*** Opening RECORDED DATA ***

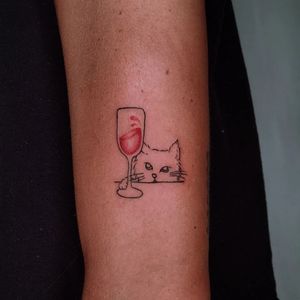 Illustrative upper arm tattoo by Erin featuring a cat in a glass with wine design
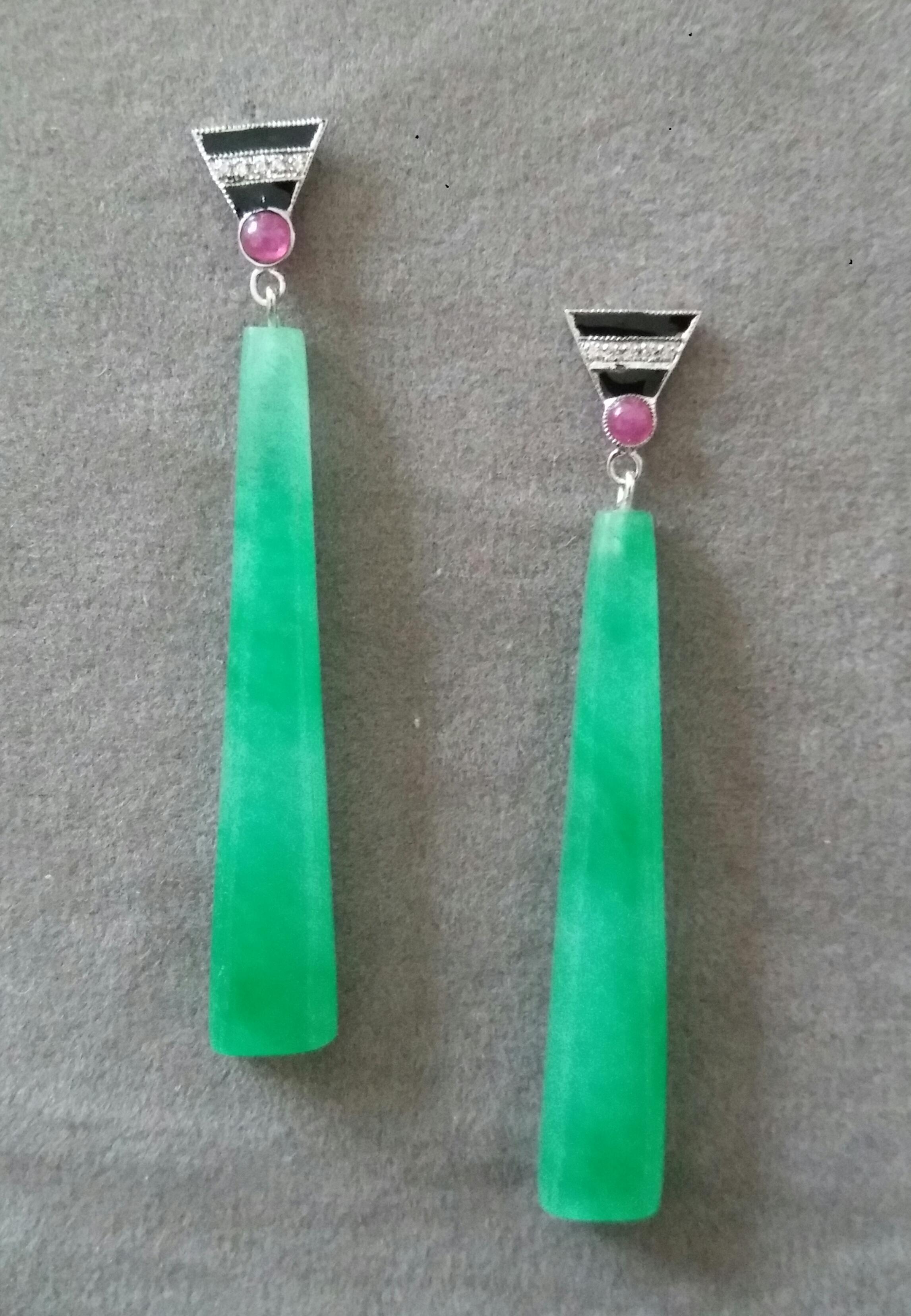 In these classic and very light Art Deco Style earrings the tops are 2 parts  in 14 kt.white gold, 8 round full cut diamonds,small round ruby cabs and black enamel ,in the lower parts we have 2 Plain Burma Jade parts in trapeze shape  measuring 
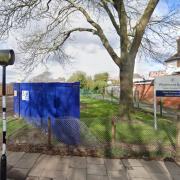 Travellers set up camp near an entrance of Winchmore School
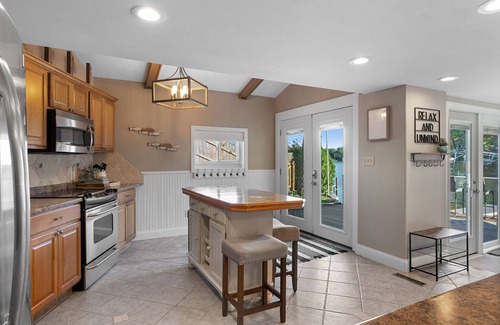 Okauchee Haus | Three steps away from the water on beautiful Okauchee Lake!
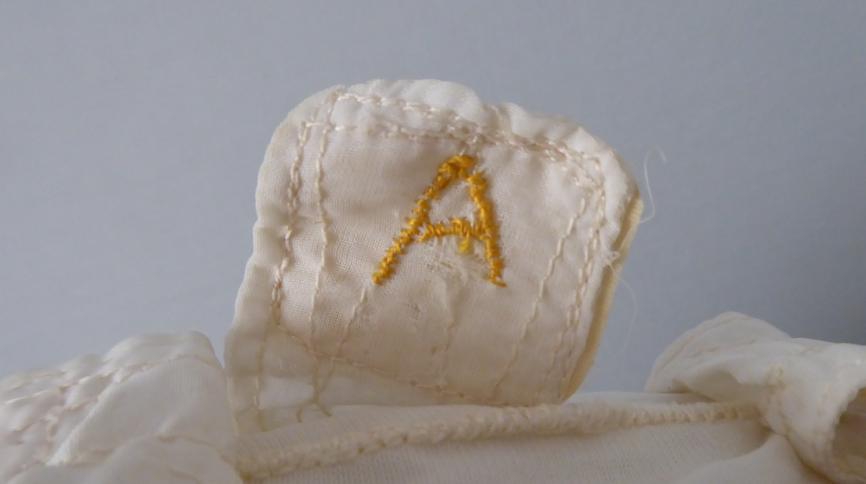 Photo of detail from John Allam's white inner helmet liner with embroidered yellow "A"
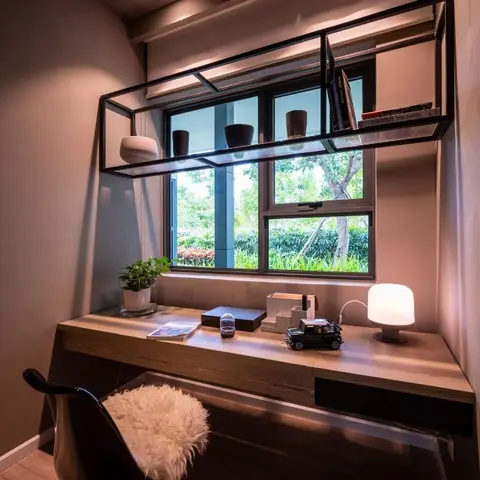 Compact study nook with a floating wood desk under a window, a black metal box-shelf above holding books and decor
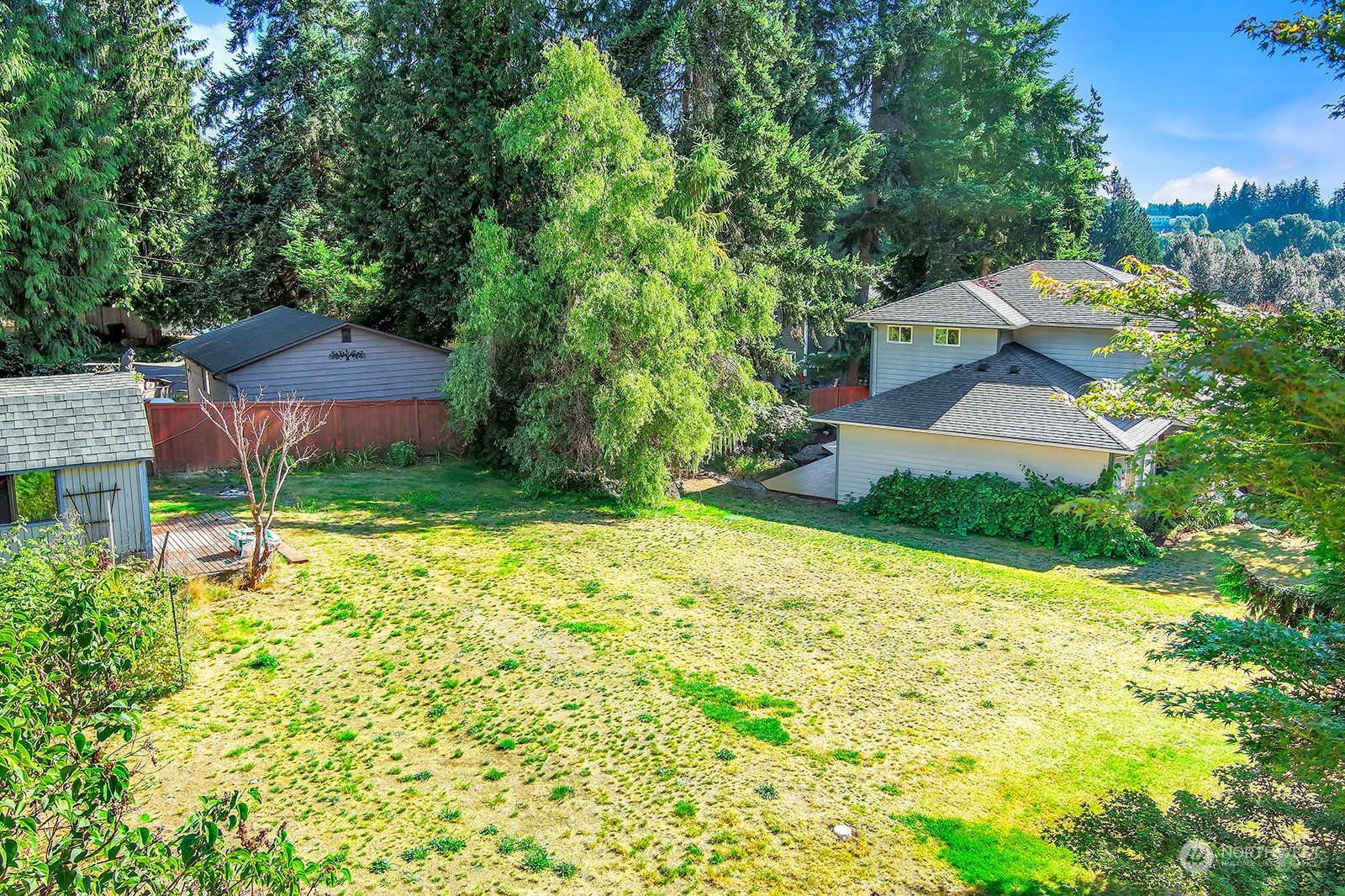 215 173rd Place Southeast Bothell, WA 98012 - Photo 36 of 40 a aerial view of a house with a yard and trees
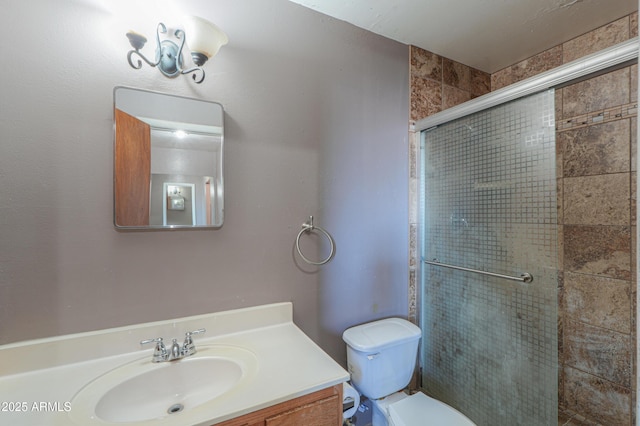 bathroom featuring toilet, a shower with shower door, and vanity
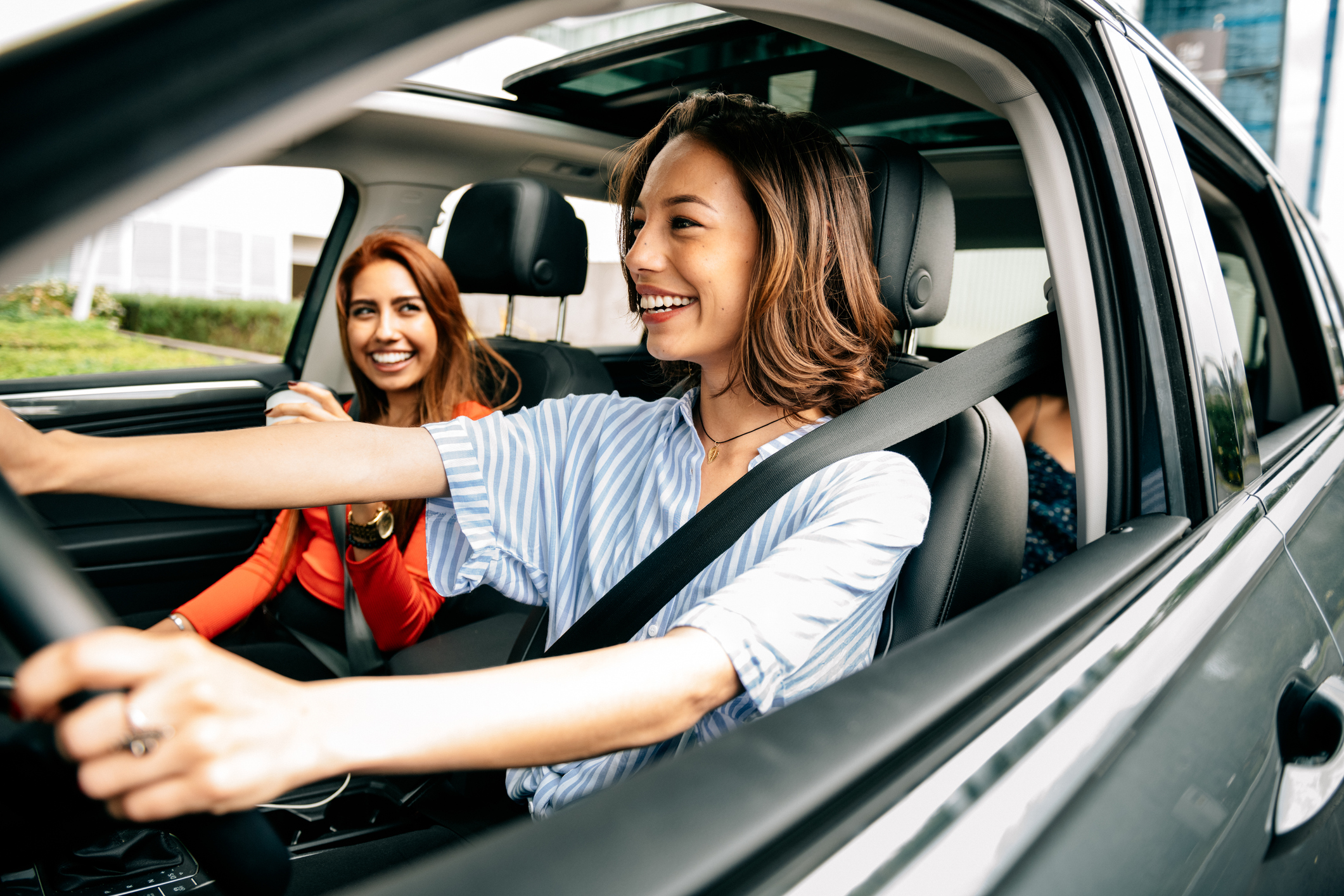 Two happy women driving in a car with their window down.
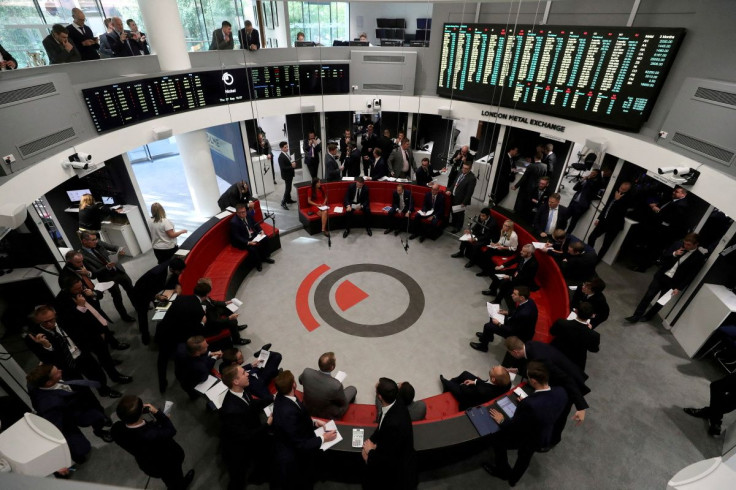 Traders work on the floor of the London Metal Exchange in London, Britain, September 27, 2018. 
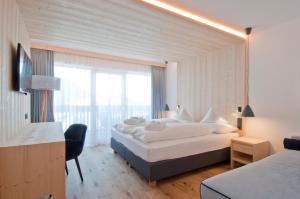 Ένα ή περισσότερα κρεβάτια σε δωμάτιο στο Hotel Garni Broi - Charme & Relax
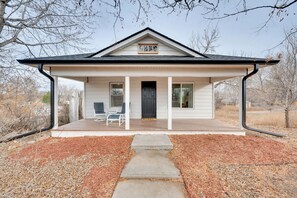 A single-story house with a covered porch, a front door, and two windows. - Spacious Duplex Duo: 14 Mi to Pearl Street Mall (Erie)
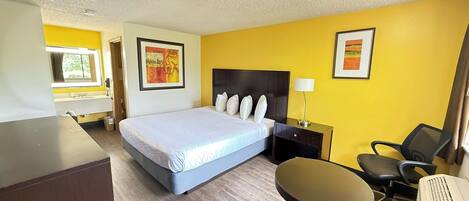 A hotel room with a bed, bedside table, chair, desk, and a window.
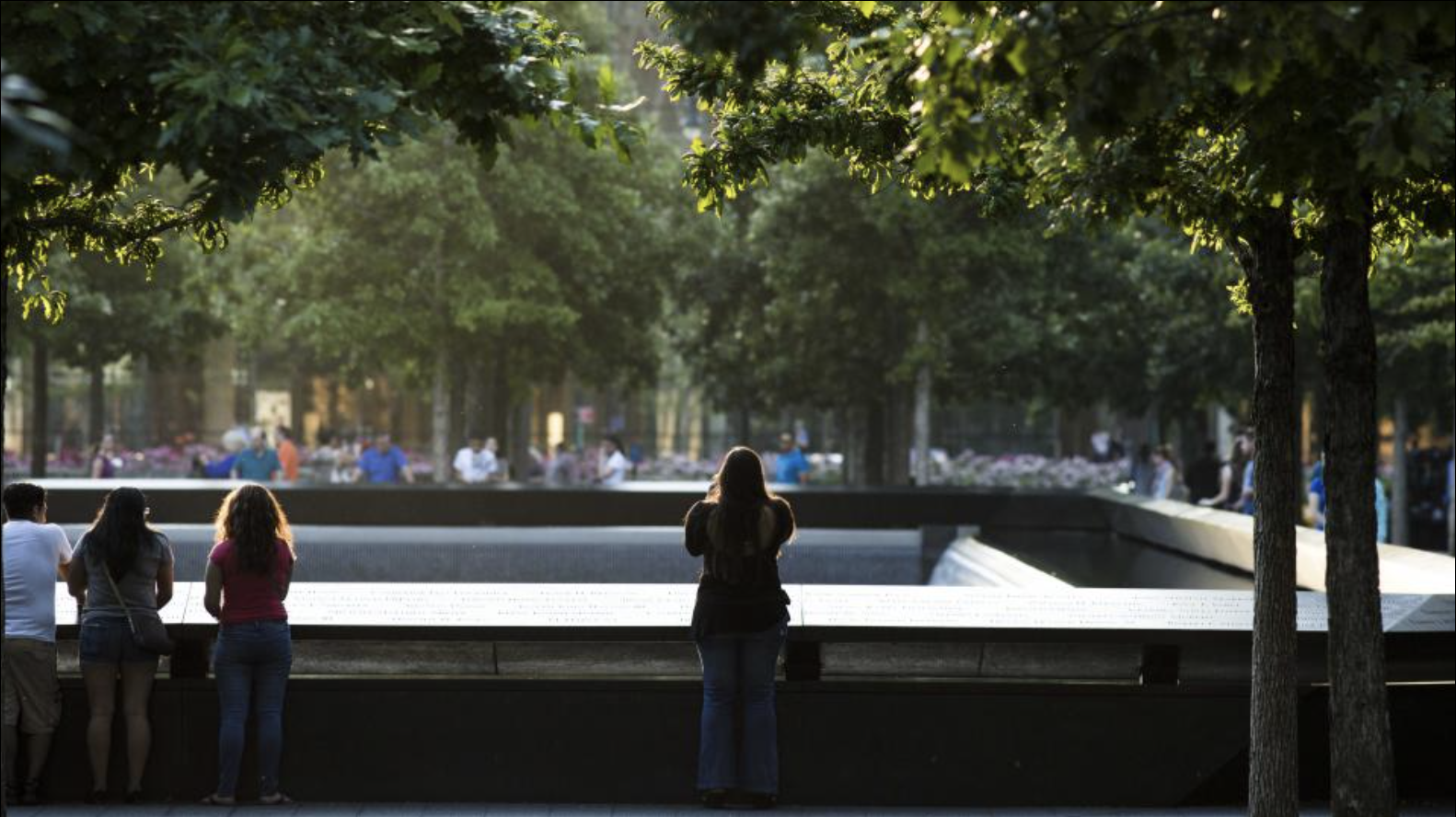 People standing at the edge of the 9/11 memorial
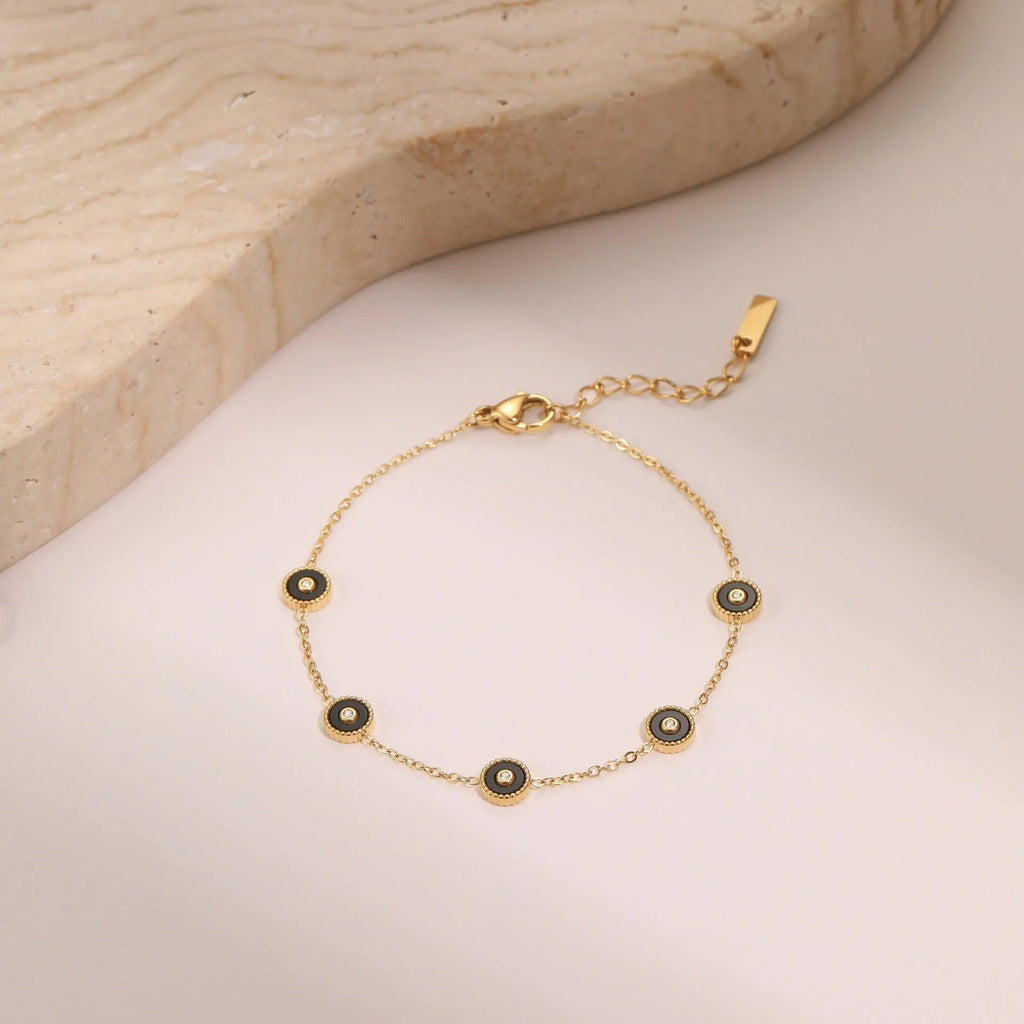Women's stainless steel bracelet with 18K gold plating and geometric fritillary pattern design
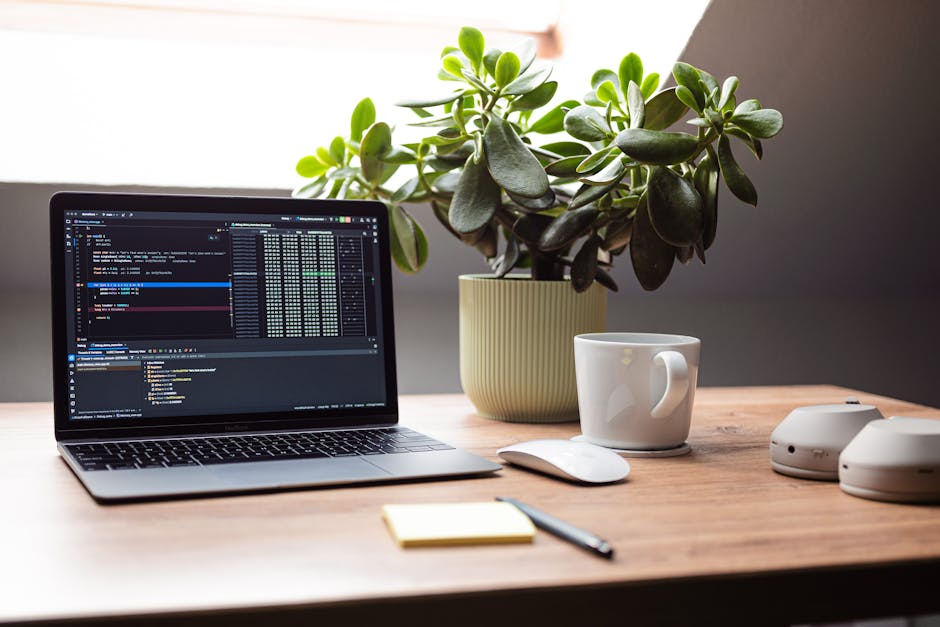 A modern workspace featuring a laptop, mouse, and plant on a wooden desk by a window.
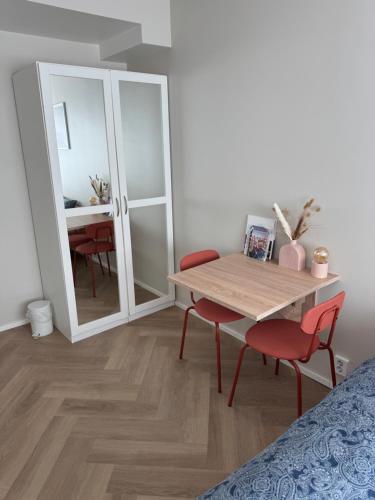 Habitación con mesa, sillas y espejo. en Short stay in the city center with free parking, en Tampere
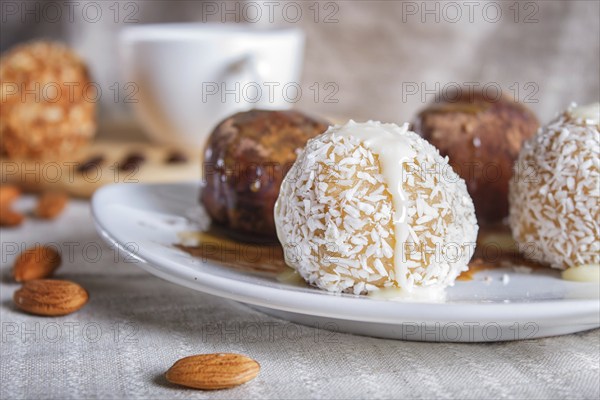 Energy balls cakes with chocolate caramel and coconut on white plate on linen napkin, selective focus, close up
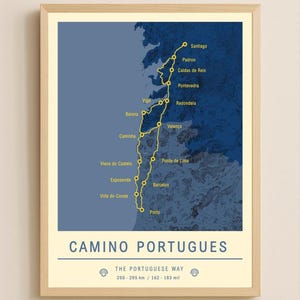 May include: A framed print featuring a map of the Camino Portugues, a pilgrimage route. The map is in shades of blue and yellow, with the route marked by a yellow line and labeled with cities like Porto and Santiago. The text "CAMINO PORTUGUES" is at the bottom.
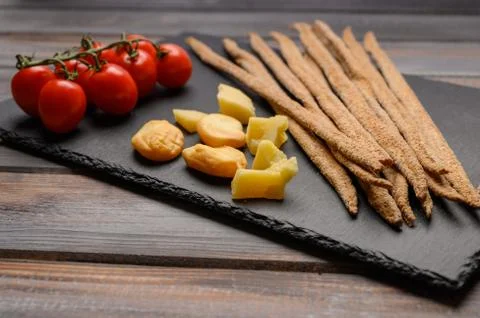 Rye bread grissini, cherry tomatoes, cheese and greens on a black cast iron Stock Photos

*** Closing RECORDED DATA ***

What you return should be only the exact lines from the top of the entries through the line with "Compact study nook", minus the pictures.

TASK ANSWER:
 Illustrative upper arm tattoo by Erin featuring a cat in a glass with wine design
 In these classic and very light Art Deco Style earrings the tops are 2 parts  in 14 kt.white gold, 8 round full cut diamonds,small round ruby cabs and black enamel ,in the lower parts we have 2 Plain Burma Jade parts in trapeze shape  measuring 
 Travellers set up camp near an entrance of Winchmore School
 Okauchee Haus | Three steps away from the water on beautiful Okauchee Lake!
 Photo of detail from John Allam's white inner helmet liner with embroidered yellow "A"
 Compact study nook with a floating wood desk under a window, a black metal box-shelf above holding books and decor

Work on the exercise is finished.